Finde ich diese Art der Provokation von TJ Kirk cool? Nein, absolut nicht. Diese Aussage allein ist oberflächlich und sexistisch und sein eigentlicher Kritikpunkt, wie sie den „Charakter“ von Lara über die Zeit geändert haben, kommt absolut nicht rüber. Aus solchen Provokationen kann nie ein ausgewogener Dialog entstehen, da alle erstmal die Ärmel hochkrempeln und sich vor allem die angesprochen fühlen, die auf Ärger ausgehen – egal aus welchem Lager.

Was ist Retro, was Nostalgie? Eines auf jeden Fall: subjektiv

Auch ich finde Alicia Vikander als Lara Croft optisch nicht ansprechend. Aber das liegt nicht an ihren Brüsten, sondern an ihrem allgemeinen Auftreten. Ich sehe nicht den Badass wie damals, sondern eher ein scheues Reh auf den Plakaten. Die Szenen aus den Trailern wirkten unnatürlich und gekünstelt auf mich.

Und so sah Tifa 1997 im größten Teil der Ingame-Grafik aus. (Bild: Square)
Und so sah Tifa 1997 im größten Teil der Ingame-Grafik aus. (Bild: Square)
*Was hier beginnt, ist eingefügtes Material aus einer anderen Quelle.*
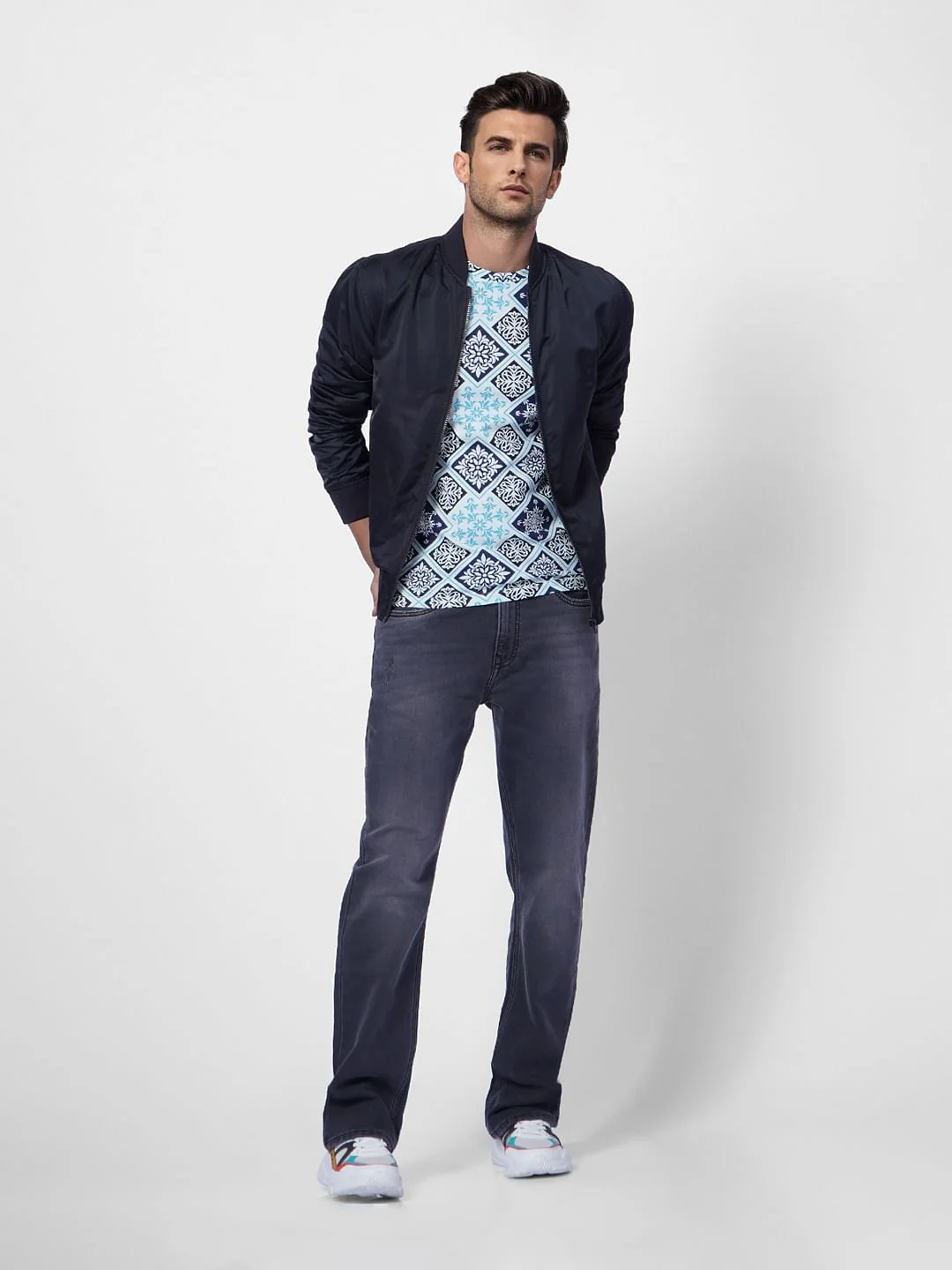 Blue Abstract Print Crew Neck T-shirt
Es war nun mal einer der prominentesten Züge der damaligen Lara, sexy zu sein. Auf Tifa aus Final Fantasy VII trifft dies jedoch nicht zu. Die meiste Zeit war sie wenn überhaupt ein komischer Klotz aus Polygonen, deren Kopf genauso groß wie ihr Oberkörper und deren Hände so groß wie ihre Brüste waren. Ihr Aussehen wurde aber nie weiter thematisiert, nicht so wie ihr Charakter und ihre Charakterentwicklung. Sexy sein gehörte nicht zu ihrem Image.
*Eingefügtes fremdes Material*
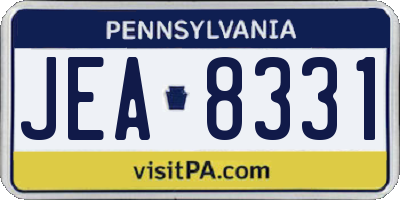 PA license plate JEA8331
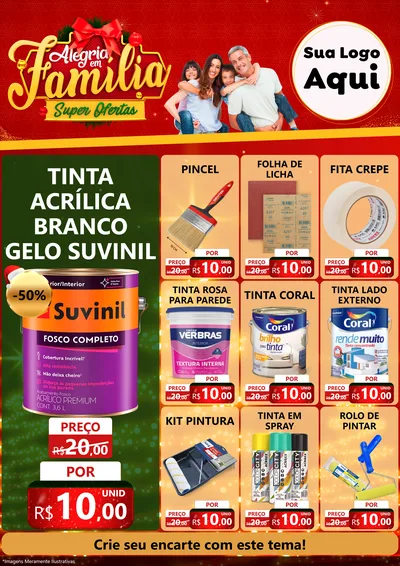 Modelo de Encarte para Encarte A4 Vertical com o tema Alegria em Família Super Ofertas - Natal para Tintas e Ferramentas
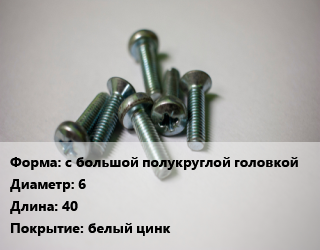 Винт с большой полукруглой головкой 6х40 белый цинк, чертеж 7811-7062, кг цена от 110.19 Тг / кг, где купить, условия доставки в Шымкенте и Южно-Казахстанской области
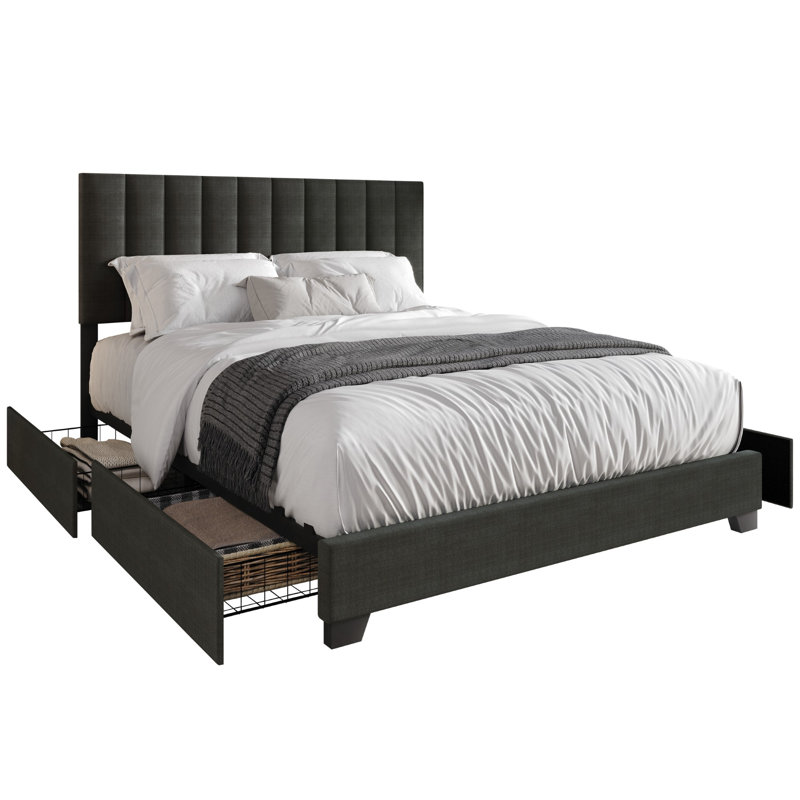 Kocis Upholstered Storage Platform Bed, Full , Charcoal Gray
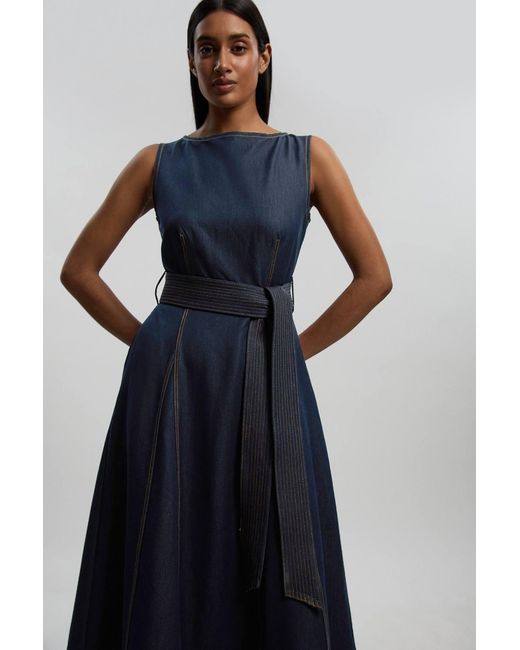Karen Millen Blue Denim Belted Full Skirt Tailored Dress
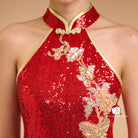 Beth and Brian Qipao-SD Exclusive designer collection, Peacock embroidery, red sequins long Qipao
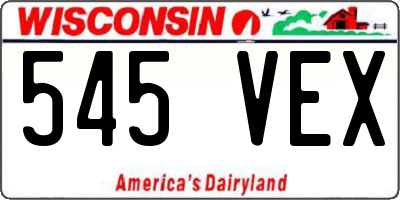 WI license plate 545VEX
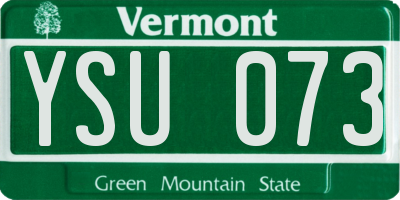 VT license plate YSU073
Wir alle haben unsere eigenen Erfahrungen und Erinnerungen mit Videospielen gemacht. Wir alle gehen mit anderen Erwartungen an Remakes, Remaster und Reboots. Wir alle bringen unsere eigene Nostalgie mit, die ein Spiel zu erwecken versucht. Und es ist sicherlich nicht leicht, alle zufrieden zu stellen.
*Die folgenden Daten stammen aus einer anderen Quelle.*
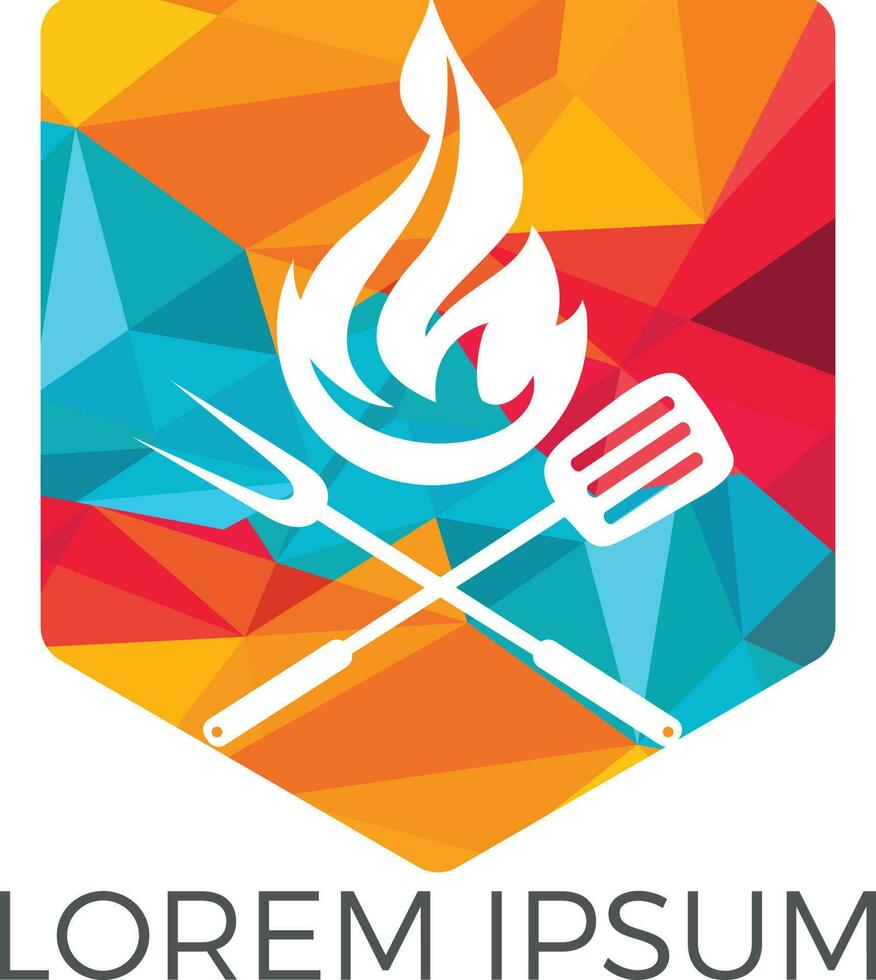 Barbecue logo design. Fresh Steak logo design. Steak and Barbecue Grill icon. vector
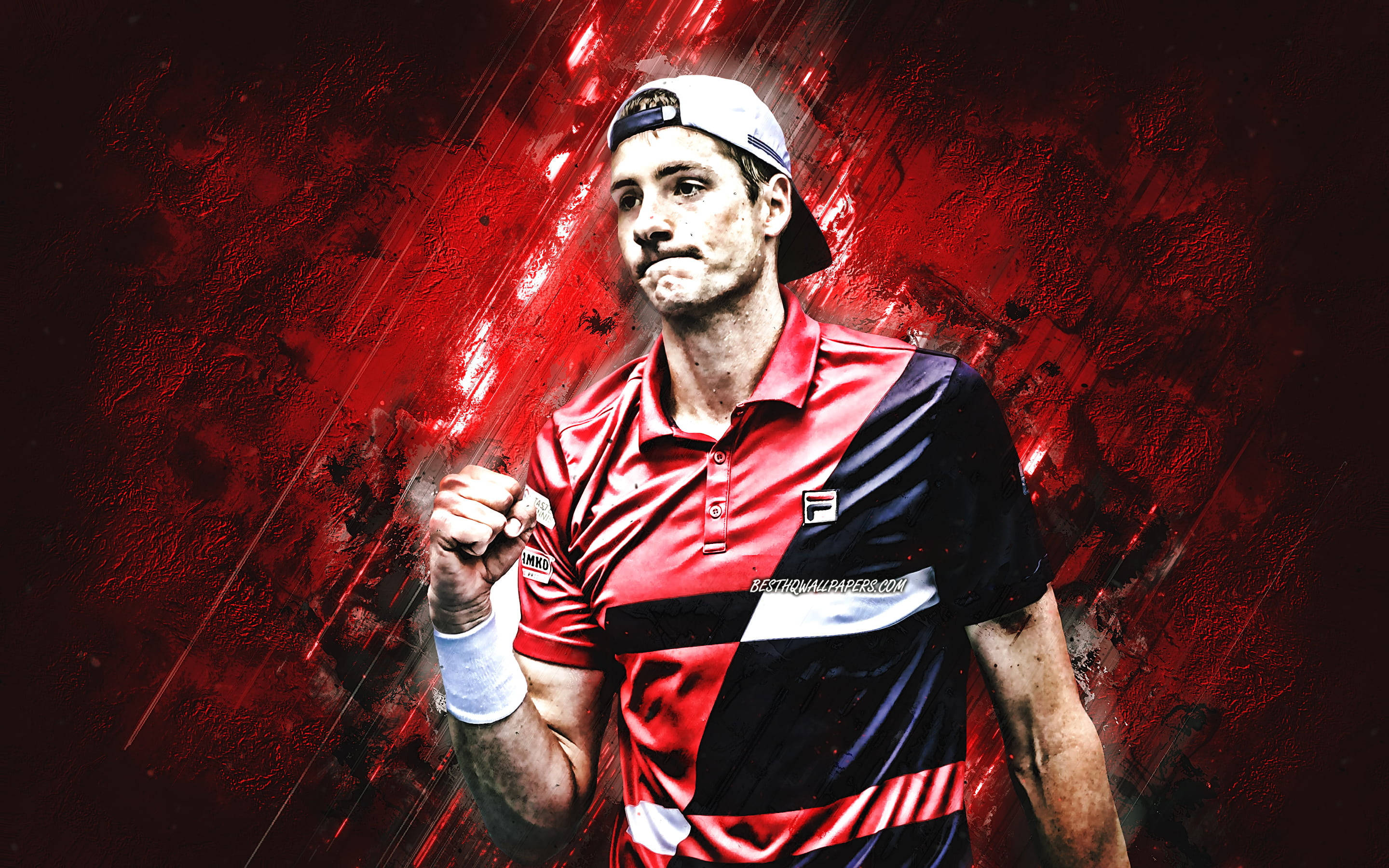 Tennis 桌布 壁紙 — 一位決心堅定的男性網球選手，身穿紅黑裝備，在動態的紅色紋理背景前握緊拳頭。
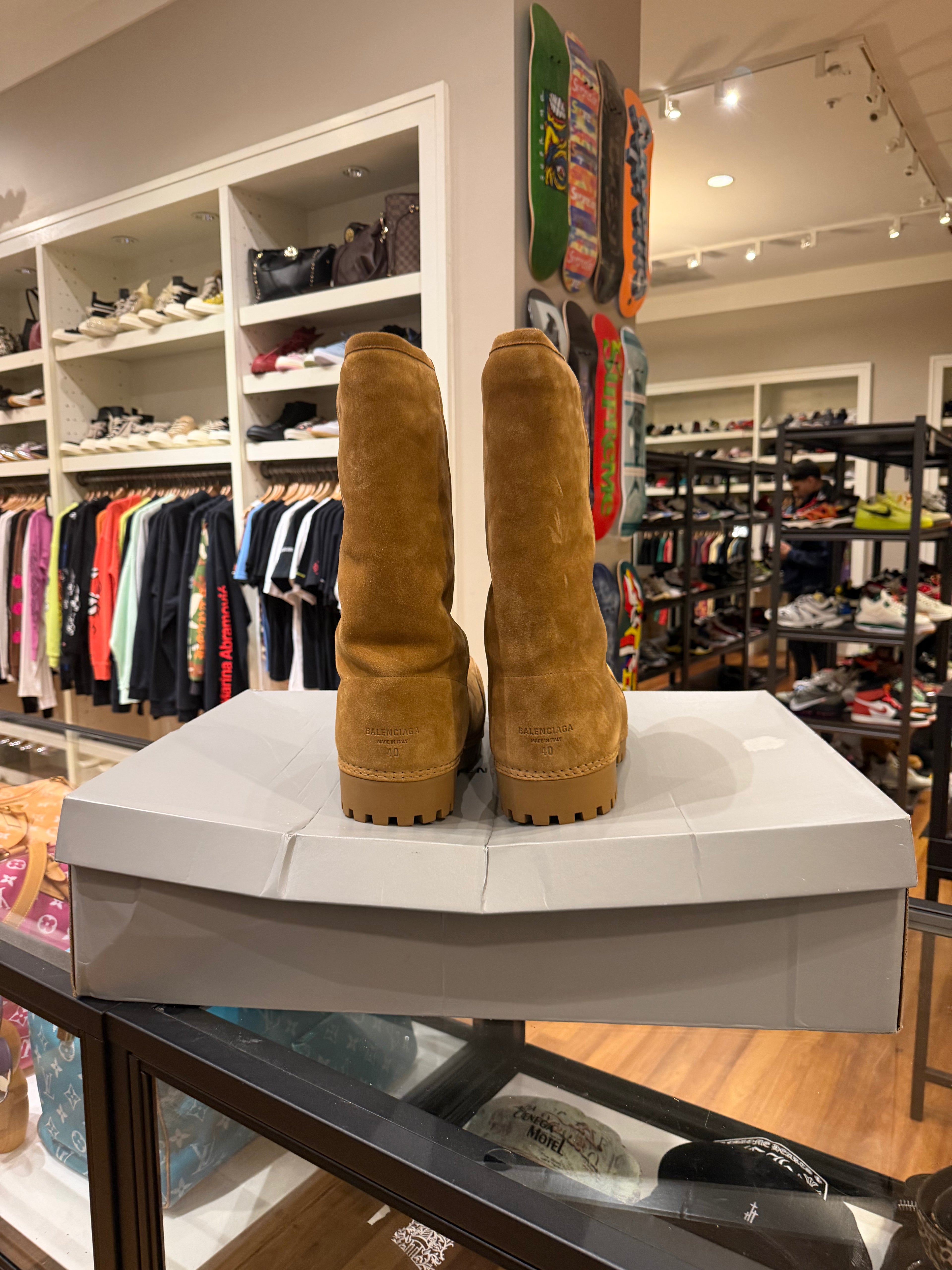Balenciaga Alaska Fur High Boots - Camel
Es mag der kleinste Punkt sein, der uns an einem Remake stören mag. Aber bitte lasst das doch nicht die Brüste irgendwelcher Figuren sein. Eine Tifa hat mit kleinen und mit großen Brüsten genauso viel Tiefgang für mich. Eine Lara kann mit kleinen und mit großen Brüsten ein sexy badass sein (und das ist es, was ich vermisse). Körper wie Brüste tauchen in den verschiedensten Formen und Größen auf, vollkommen willkürlich. That’s life. Nostalgie kann vieles sein, vor allem ist sie subjektiv. Aber eines ist sie sicherlich nicht: Brüste.